***** Data below *****

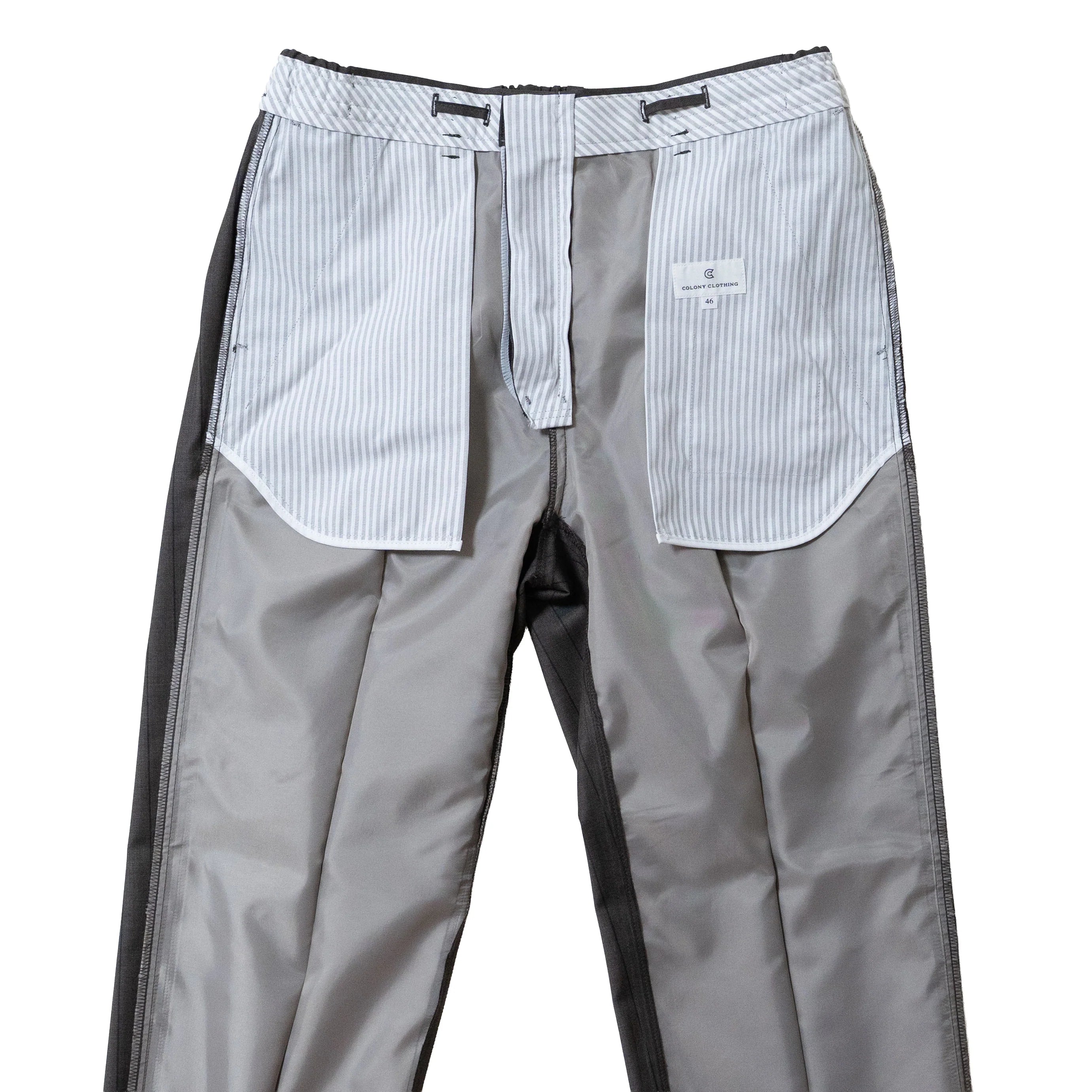 COLONY CLOTHING / RELAX EASY TROUSERS / CC2601-PT02-02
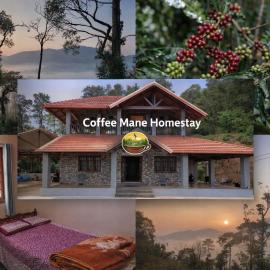 Coffee Mane, hotel a Hanbal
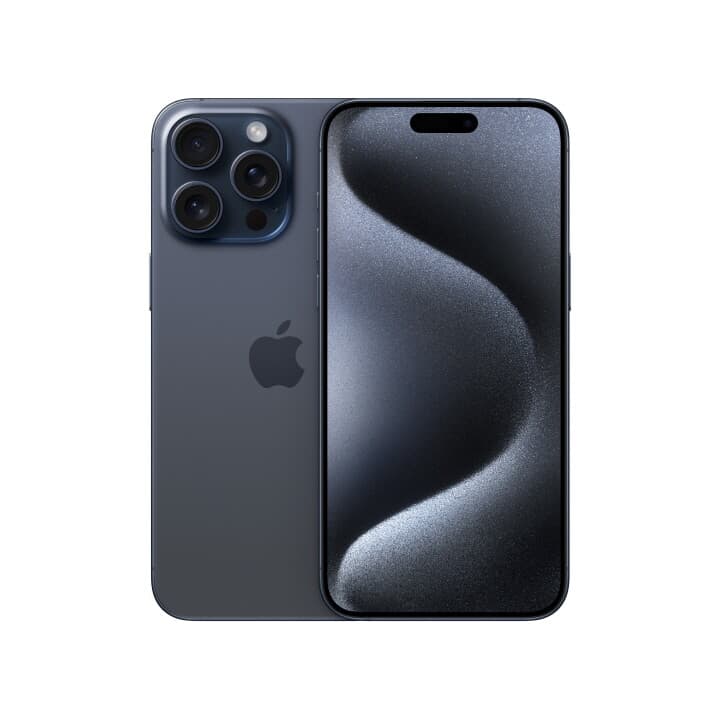 아이폰 15 Pro 128GB 블루 티타늄 (MTV03KH/A)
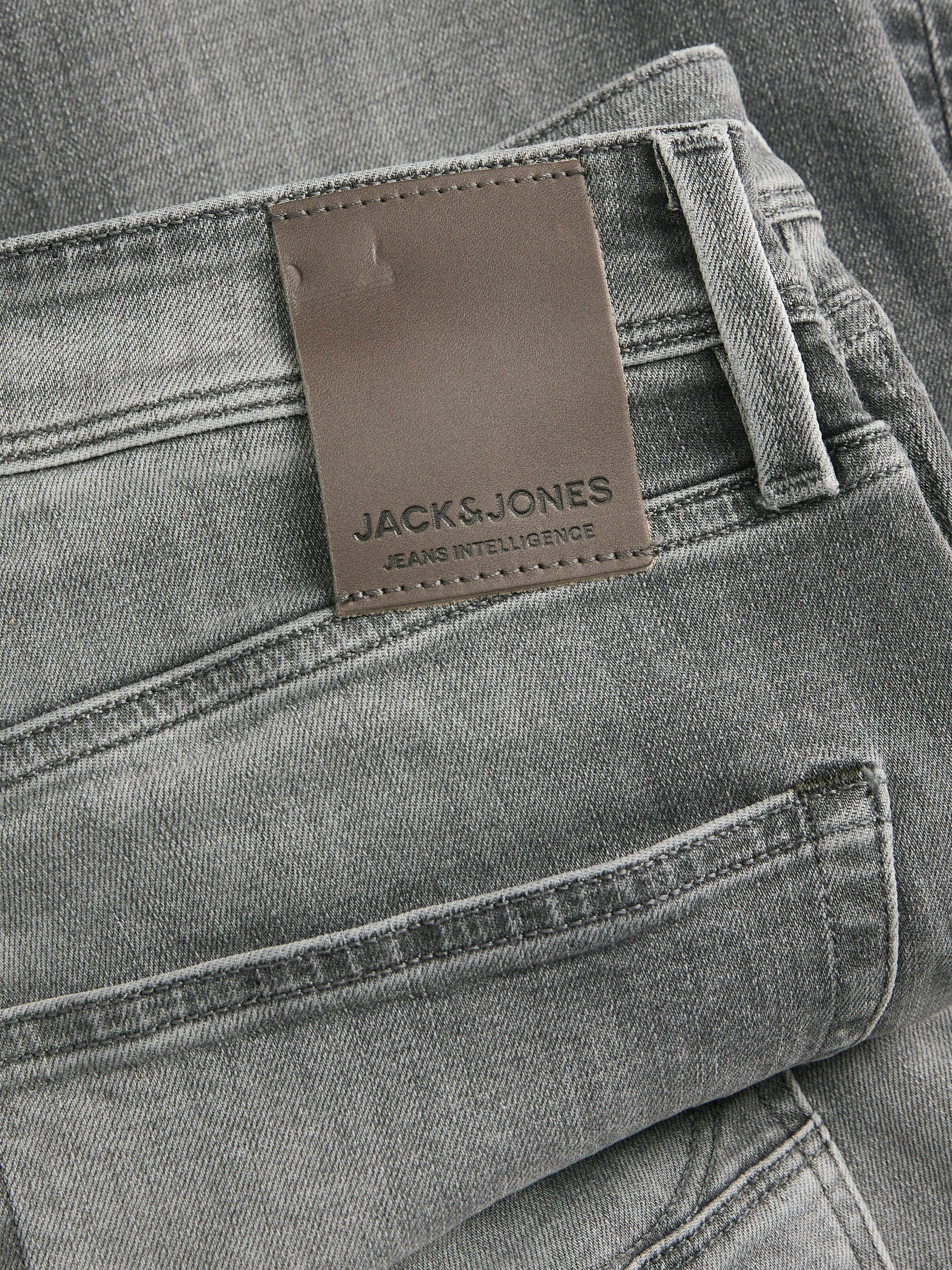 Jack & Jones Comfort-fit-Jeans »JJIMIKE JJFOX CB 08«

*****

● **Problem to solve**: Each line of the data is to be duplicated exactly; pictures stay out of the copy.

● **Finished exercise**:
 COLONY CLOTHING / RELAX EASY TROUSERS / CC2601-PT02-02
 Coffee Mane, hotel a Hanbal
 아이폰 15 Pro 128GB 블루 티타늄 (MTV03KH/A)
 Jack & Jones Comfort-fit-Jeans »JJIMIKE JJFOX CB 08«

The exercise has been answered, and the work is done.